Research led by the University of Birmingham suggests that giving progesterone to pregnant women with early pregnancy bleeding and a history of miscarriage could increase their chances of having a baby.
The PRISM trial, funded by the National Institute for Health Research (NIHR) and co-ordinated by Birmingham Clinical Trials Unit in collaboration with Tommy’s National Centre for Miscarriage Research, is the largest ever trial of its kind and involved 4,153 pregnant women who presented with early pregnancy bleeding.
The women, being treated at 48 hospitals across the UK and with the average age of 31, were randomly assigned by computer into one of two groups – one group of 2,079 women were given progesterone, while the other group of 2,074 women were given a placebo.
Dr Adam Devall, Senior Clinical Trial Fellow at the University of Birmingham and Manager of Tommy’s National Centre for Miscarriage Research, explained: “Miscarriage is a common complication of pregnancy, affecting one in five women, and vaginal bleeding in early pregnancy is associated with a one in three risk of miscarriage.
“Several small studies have suggested that administering progesterone, a hormone essential for maintaining a pregnancy, may reduce the risk of miscarriage in women presenting with early pregnancy bleeding.
“The PRISM trial was undertaken to answer a very important research question; whether progesterone given to pregnant women with threatened miscarriage would increase the number of babies born after at least 34 weeks of gestation when compared with a placebo.”
While the research did not show statistically strong enough evidence to suggest that progesterone could help all women who are suffering early pregnancy bleeding to go on to have a baby, importantly the results did show the hormone benefitted those who had early pregnancy bleeding and had previously suffered a miscarriage.

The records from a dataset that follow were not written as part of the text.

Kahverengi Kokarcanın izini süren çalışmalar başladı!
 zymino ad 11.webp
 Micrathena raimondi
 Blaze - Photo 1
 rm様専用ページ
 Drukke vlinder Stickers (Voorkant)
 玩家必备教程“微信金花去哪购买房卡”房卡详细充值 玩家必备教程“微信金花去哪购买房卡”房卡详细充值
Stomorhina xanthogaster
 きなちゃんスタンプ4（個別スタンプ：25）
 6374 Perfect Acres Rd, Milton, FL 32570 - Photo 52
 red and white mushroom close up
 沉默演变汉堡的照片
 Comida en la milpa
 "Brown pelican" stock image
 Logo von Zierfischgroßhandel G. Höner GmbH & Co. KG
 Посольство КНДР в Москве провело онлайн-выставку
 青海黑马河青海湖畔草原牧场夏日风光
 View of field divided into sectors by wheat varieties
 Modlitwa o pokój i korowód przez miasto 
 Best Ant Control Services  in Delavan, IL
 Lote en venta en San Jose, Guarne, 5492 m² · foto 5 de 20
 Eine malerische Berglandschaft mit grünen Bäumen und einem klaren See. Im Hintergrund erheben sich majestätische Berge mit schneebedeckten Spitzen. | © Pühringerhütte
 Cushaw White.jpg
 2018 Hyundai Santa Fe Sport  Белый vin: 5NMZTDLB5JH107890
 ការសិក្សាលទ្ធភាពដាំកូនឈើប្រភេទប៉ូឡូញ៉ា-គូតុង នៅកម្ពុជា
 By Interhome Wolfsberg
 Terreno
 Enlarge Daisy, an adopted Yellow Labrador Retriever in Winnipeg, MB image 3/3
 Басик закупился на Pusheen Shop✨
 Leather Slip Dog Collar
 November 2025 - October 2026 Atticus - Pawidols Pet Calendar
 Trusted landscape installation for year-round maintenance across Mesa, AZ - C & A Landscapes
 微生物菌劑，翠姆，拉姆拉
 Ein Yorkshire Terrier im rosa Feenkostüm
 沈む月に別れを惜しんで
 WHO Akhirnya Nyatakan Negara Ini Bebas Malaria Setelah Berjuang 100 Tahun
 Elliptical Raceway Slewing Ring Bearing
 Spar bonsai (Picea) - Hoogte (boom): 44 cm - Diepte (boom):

The researchers found that there was a 4% increase in the number of babies born to the women in the study who were given progesterone and had previously had one or two miscarriages compared to those given a placebo. (Of the 777 women given progesterone who had previously had one or two miscarriages, 591 (76%) went on to have a live birth, compared with 534 women out of 738 in the placebo group (72%).)
The benefit was even greater for the women who had previous ‘recurrent miscarriages’ (i.e., three or more miscarriages) – with a 15% increase in the live birth rate in the progesterone group compared to the placebo group. (Of the 137 women taking part in the trial who had previously had three or more miscarriages, 98 (72%) went on to have a live birth, compared to 57% (85 out of 148) women in the placebo group who went on to have a baby).
The ground-breaking research was published today in the New England Journal of Medicine.
Arri Coomarasamy, Professor of Gynaecology at the University of Birmingham and Director of Tommy’s National Centre for Miscarriage Research, said: “The role of progesterone in women with early pregnancy bleeding has been studied and debated for about 60 years, however what we have previously lacked is high quality evidence.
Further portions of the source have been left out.